- AIM OF THE TASK
Restate the full listing word for word; images stay out of it.

- DATASET EXTRACT
Content starts

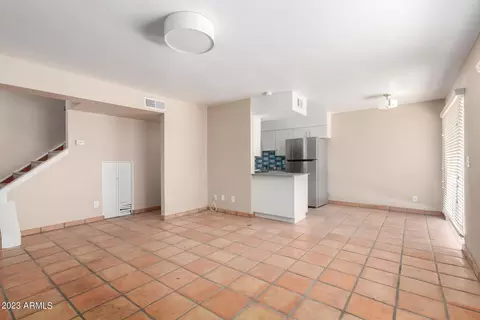 1902 E Orange Dr, Phoenix, AZ 85016 photo 5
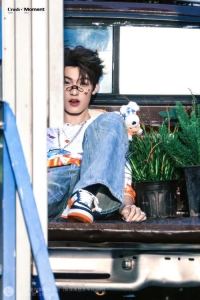 🍃LFTTF🍂的钢琴谱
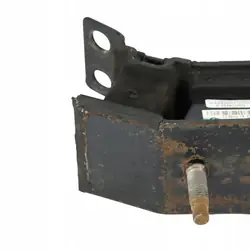 Soporte Caja Auto Ford Ranger Mk6 OEM EB3G-7E373-AC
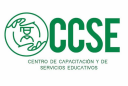 Logo de Preparatoria de Computacion Pedro Escobedo, S. C.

Content ends

- SOLUTION TO THIS EXERCISE
 1902 E Orange Dr, Phoenix, AZ 85016 photo 5
 🍃LFTTF🍂的钢琴谱
 Soporte Caja Auto Ford Ranger Mk6 OEM EB3G-7E373-AC
 Logo de Preparatoria de Computacion Pedro Escobedo, S. C.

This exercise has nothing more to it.